* Exercise aim *
All lines from the one containing "extant_StarTrek_DS9_3x18-DistantVoices_00313.jpg" through the last line of the listing should be given again exactly, with no pictures.
(Provided data)
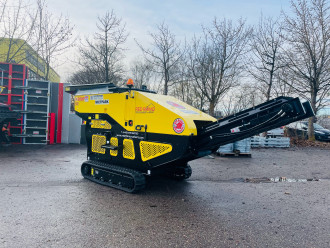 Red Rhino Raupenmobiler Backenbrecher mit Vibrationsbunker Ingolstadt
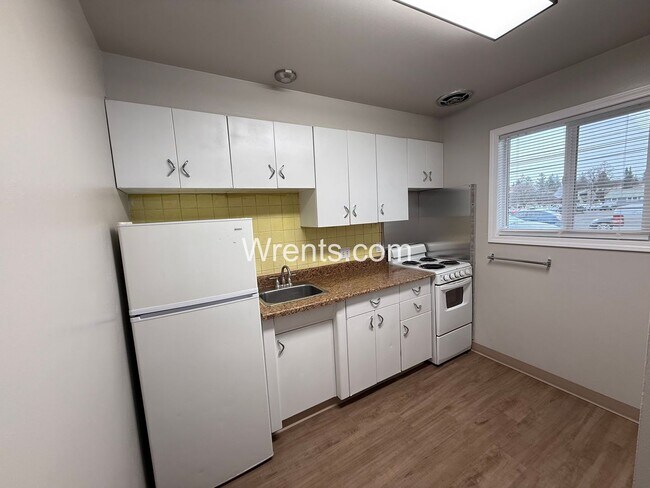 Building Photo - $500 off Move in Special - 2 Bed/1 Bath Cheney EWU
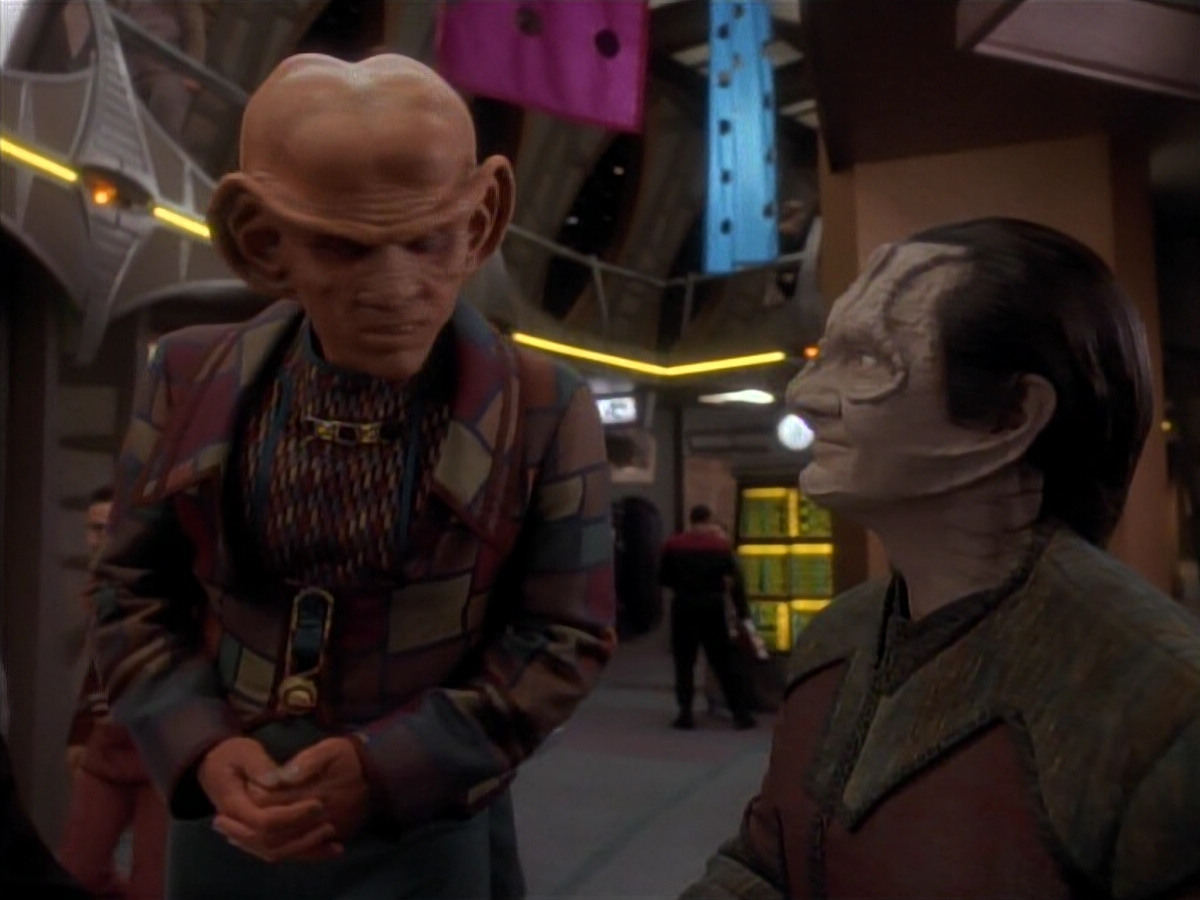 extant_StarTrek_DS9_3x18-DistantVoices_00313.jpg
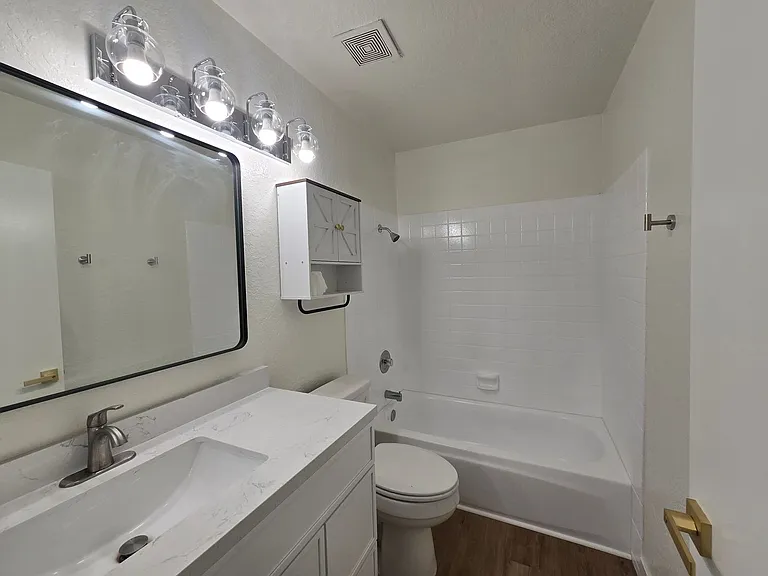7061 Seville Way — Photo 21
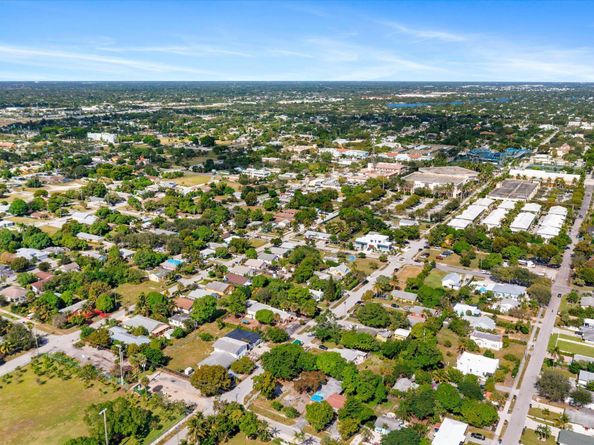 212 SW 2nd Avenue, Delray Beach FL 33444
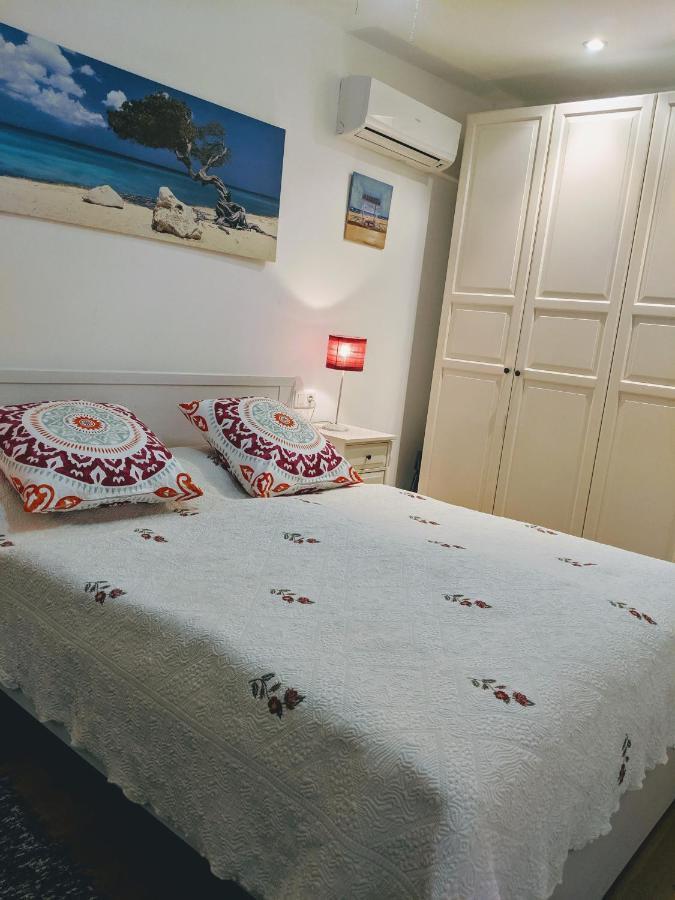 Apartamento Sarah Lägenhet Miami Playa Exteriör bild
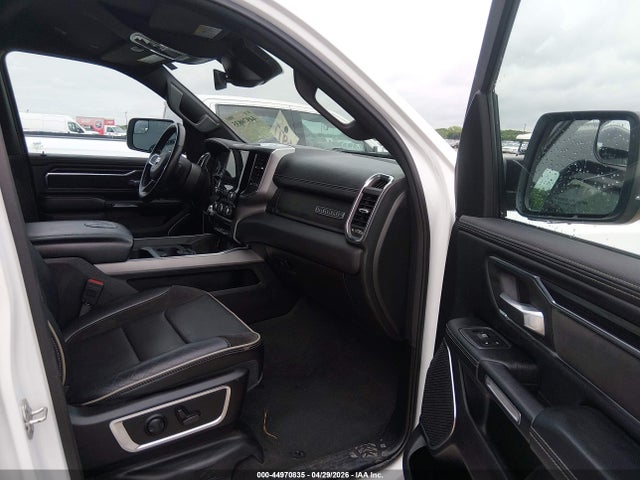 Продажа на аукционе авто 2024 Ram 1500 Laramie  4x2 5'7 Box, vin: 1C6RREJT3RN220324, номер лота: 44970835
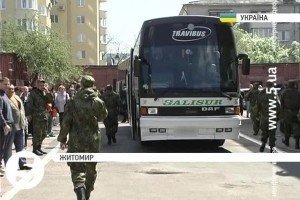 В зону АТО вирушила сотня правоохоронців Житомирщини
(End Provided data)
* Response area *
 extant_StarTrek_DS9_3x18-DistantVoices_00313.jpg
7061 Seville Way — Photo 21
 212 SW 2nd Avenue, Delray Beach FL 33444
 Apartamento Sarah Lägenhet Miami Playa Exteriör bild
 Продажа на аукционе авто 2024 Ram 1500 Laramie  4x2 5'7 Box, vin: 1C6RREJT3RN220324, номер лота: 44970835
 В зону АТО вирушила сотня правоохоронців Житомирщини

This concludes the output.